USB to Monitor Connection
A connection that most people don’t think about is a USB to HDMI connection. Most people will use the USB port to plug in phones, cameras, printers and other peripherals to power up or download information between devices.
Hey – A big side note: If you are just reading the text below the Exhibitor Lounge video I highly recommend that you open the video as there is a lot of illustrations to assist you in understanding this information.
On a recent show when confronted with a VGA to HDMI compatibility problem like the one we discussed last week an A/V technician suggested that I pick up a J5Create USB to HDMI adapter to solve the problem. I had never heard of plugging in a monitor from a USB port. Having fears that I would not be able to find a VGA to HDMI active adapter at a local store I went on the search for the USB to HDMI adapter. I found one pretty easily at an electronics big box store. The price was quite reasonable as they are between $45 and $70. There are other brands but the J5Create is the one that the technician said I would find in the store as he also got one recently.
When I got back to the show floor the technician showed us how to install the driver that came with the adapter, onto the computer. Once installed the active adapter worked great. OK –stay with me now. The information is going to get pretty intense.

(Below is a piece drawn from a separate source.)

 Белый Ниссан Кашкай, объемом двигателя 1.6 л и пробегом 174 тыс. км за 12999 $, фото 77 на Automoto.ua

Technical Side of Connecting Monitor to Laptop with USB
The USB to HDMI active adapter basically works like an external graphics or video card as an interface between the computer and monitor. Most computers will have a USB 2.0 or 3.0 Type A port. This is the slender rectangular port. The other type of USB port is the Type B port that you see more on printers and other peripheral devices.
When you purchase the USB to HDMI adapter you may have a choice of a 2.0 or 3.0 adapter. The price difference is about $15 to $20 between the two. The 3.0 Type A is much faster and will probably replace the 2.0 version completely in about 4 to 5 years from now. The 2.0 version is only about 450 megabytes per second which is slow in today’s standards. HD video requires about 750 megabytes per second. Therefore, It is not recommended to run video through a computer with only a 2.0 USB port as the bandwidth is not enough for smooth playback. If your computer only has a 2.0 USB port you should only run basic PowerPoint and other office applications. A 2.0 port will accept both a 2.0 adapter and a 3.0 adapter. Remember the computer’s USB port needs to be 3.0 to run video. If you buy a 3.0 adapter it still will not play HD video out of a 2.0 USB computer port even though the physical plug will fit. The easiest way to tell if the port is 3.0 is the color. 3.0 cables and ports usually have a distinctive blue color. Another way to tell is the cable or port is stamped with the letters “SS” which stands for Super Speed. The best way to tell is to look inside the port for the extra five contact pads which is a sure indicator. A USB 2.0 port has only 4 contacts and the USB 3.0 has 9 contact pads.
You can also get a USB to DVI, a USB to VGA and you can add a passive adapter to a USB to HDMI active adapter (on the HDMI side) to create a USB to DVI converter.
Additionally, you may encounter the USB-C when handling iPhones, Macbooks and iPads while managing your trade show exhibit or design booth. To handle situations like this, you’ll need to have a USB-C to HDMI/DisplayPort or a USB-C to USB-C port, which is common with new monitors.